Les Montagnards Laurentiens (1931-1962), par P.-H. Émond

Vol. 9, no. 3, Printemps 2006

par FAVREAU Éric

Les Montagnards Laurentiens (1931-1962).
Par Paul-Henri Émond, Édition Améca, collection Histoire de la radio, 2004, 418 page

Le nom Les Montagnards Laurentiens vous dit quelque chose ? Pour plusieurs, ce nom évoque une période privilégiée dans l’histoire de la radio de la ville de Québec, où pendant plus de trente ans (1931-1962) les auditeurs ont pu se divertir semaines après semaines de cette émission où la musique traditionnelle était à l’honneur. Diffusée en direct, cette émission prit, au fil des ans, une ampleur et une popularité remarquable et bien des personnes qui ont eu le loisir de l’entendre, en garde un souvenir respectueux et admiratif. Dans l’histoire de la radio et de celle du poste CHRC, l’émission fut par ailleurs un phénomène exceptionnel. Les Montagnards Laurentiens furent à la fois un groupe de musique traditionnelle et une émission radiophonique. Au cours de ses longues années d’existence la formation connue plusieurs changements passant de quatre membres à une dizaine au cours de leurs dernières années.

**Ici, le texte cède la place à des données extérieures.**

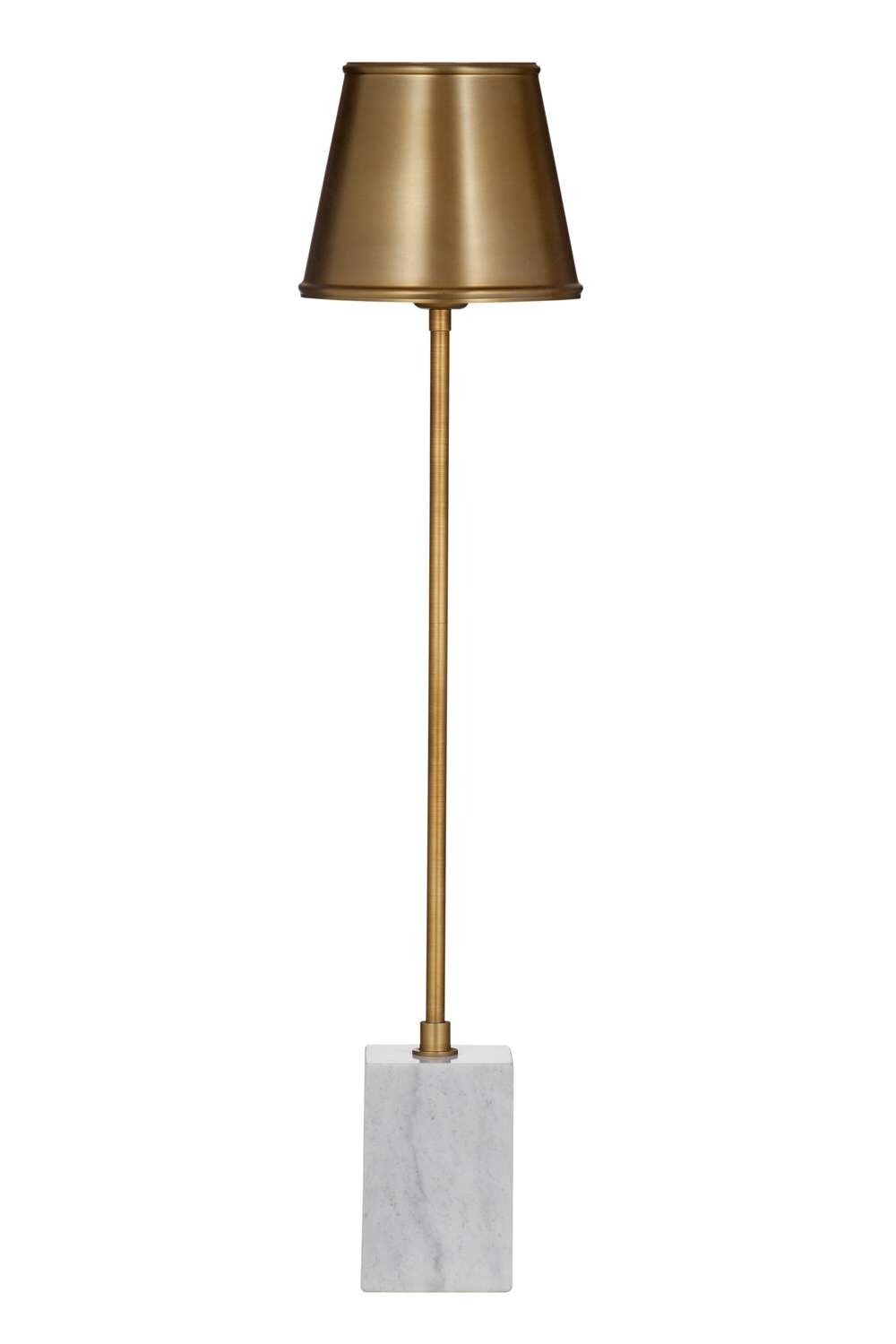 L4450T_kxgv87 Gold Table Lamp with Marble Base - Image 1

Les Montagnards Laurentiens ont été pour plusieurs musiciens traditionnels une source d’inspiration et aura joué un rôle important dans la diffusion et la transmission de ce genre de musique. Malgré sa longue existence, le groupe ne fera jamais d’enregistrement commercial. Leur succès reposait sur l’émission qui pouvait se rapprocher des numéros de vaudeville présenté à l’époque. Diversité, variété, musiciens aguerris, sketches radiophoniques, blagues, présentateurs hors pair, invités de renommé, tous ont contribués à maintenir cette célébrité. Leurs présences scéniques en dehors des studios dans différents évènements d’importance et leurs nombreuses représentations à différents endroits dans la province ont permis également d’entretenir leur lien avec le public. L’émission est intimement liée au développement de la station radio qui malgré tout demeurait un phénomène assez récent dans la capitale. Ce facteur d’innovation technologique a contribué également à créer un engouement, non seulement envers les Montagnards, mais envers l’ensemble des programmes diffusés, car malgré tout, la radio représentait une ouverture sur la diversité, sur la connaissance et sur le monde.
Si une partie du répertoire et du style des Montagnards Laurentiens continuent d’exister par l’entremise de plusieurs musiciens traditionnels, l’histoire du groupe est loin d’avoir été exposée et racontée, bien qu’il existe encore des personnes ayants joué au sein de cette formation.

Soucieux de vouloir préserver cette mémoire des faits et l’histoire des Montagnards Laurentiens, l’auteur, Paul-Henri Émond, nous offre un livre dédié à ce groupe. Il s’agit ici d’un livre qui raconte les trente ans d’existence des Montagnards, et non pas d’un livre de partition, qui n’en comporte d’ailleurs aucune. L’auteur a mené une enquête approfondie et selon ses dires : « La cueillette d’information s’étend sur cinq ans, cinquante heures d’interviews avec les témoins, autant de recherches dans les journaux, revues et microfilms de l’époque. Une recherche de photographies fort laborieuse, des entrevues à la radio, sans compter des démarches parfois inhabituelles ! ...En effet, j’ai parcouru des cimetières pour authentifier des dates. » Cette passion envers les Montagnards n’est certainement pas étranger au fait qu’il est le fils d’Henri Émond un des cofondateurs du groupe.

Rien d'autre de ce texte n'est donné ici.